I repeat what I said at the dinner when the Association saw fit to present me with the Golden Lion Award. I feel very humble and yet thankful to the Association for giving me the opportunity to represent them in the Dedication of our Monument in Belgium. All the time of planning, with its disappointments, the headache and heartache, that went with each change was easy to bear because I knew that I had the best wishes and prayers of the members and with God's helping hand we were able to complete a noteworthy project of which we can all be proud.
The Convention came to official close with breakfast Sunday morning, and it is amazing that so many were able to be there for breakfast.

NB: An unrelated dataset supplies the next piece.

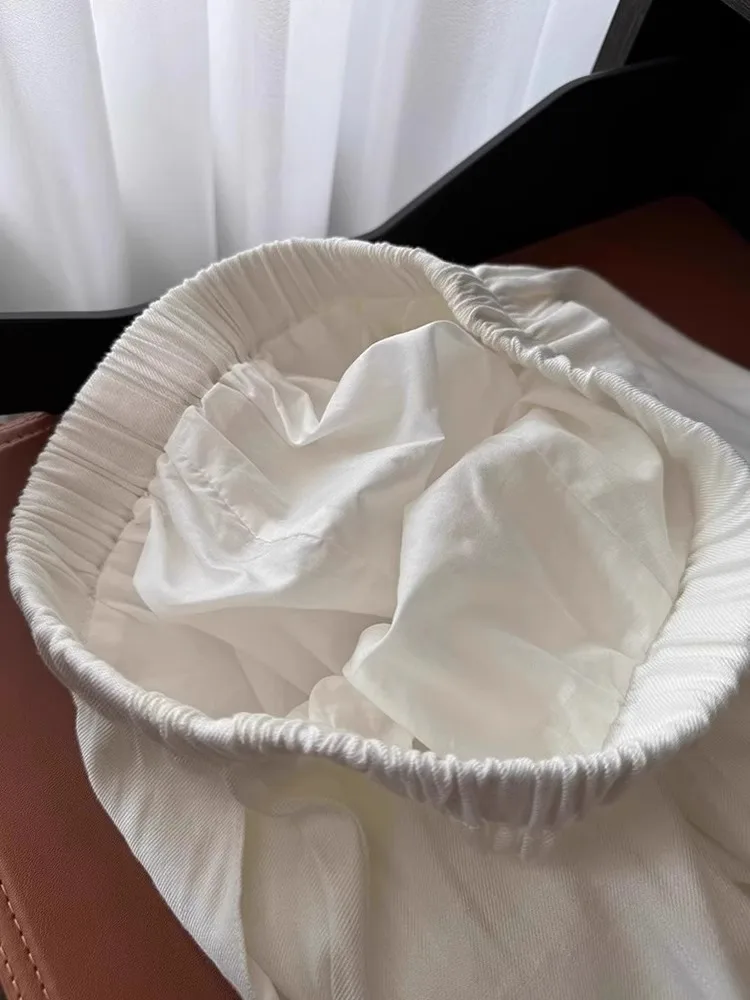 Pantaloni a gamba larga in lino di cotone bianco Pantaloni estivi larghi casual a gamba dritta da donna Pantaloni lunghi a vita alta Pendolari Sle Coreano F...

DSC
Undoubtedly the finest surprise of the convention was the splendid assistance shown in every way by Marcellus, the chief of services at Carvel Hall. He is an elderly colored gentleman who has been employed there for nearly fifty years. He added much wit and color to the convention. He was at every function as supervisor and kept all well entertained with his many stories. On the tours of the State House and Naval Academy, his comments were interesting, informative, and studded with humor.
It is reported that many were playing golf at the Country Club on Friday afternoon, but there is some doubt as to the game being attempted by Henry Broth and Marty Dever.
The ladies who took the walking tour of the Naval Academy showed that they pay attention to their husband's infantry training by taking off their shoes at the first opportunity during their ten minute break.
The sherry hour held for the ladies featured two Charles of the Ritz cosmetologists demonstrating the proper method of make-up. Among the women who were so beautified were Helen Hatch, Jean Schutte, Linda Rossi, Mrs. McMahon, and Kay Loveless. They all looked like dolls.
The weather man cooperated beautifully except for a dreary,
cloudy, and rainy Sunday morning. For all the outdoor functions, the committee had ordered and received perfect weather.
Annapolis was a happy choice for the convention. The Naval Academy alone would have been a great attraction, but the city itself is quaint and historic. All the sites of interest, including the State House and the Naval Academy, were within easy walking distance. Some of the members report that their wives found out soon that the shopping district was also within easy walking distance.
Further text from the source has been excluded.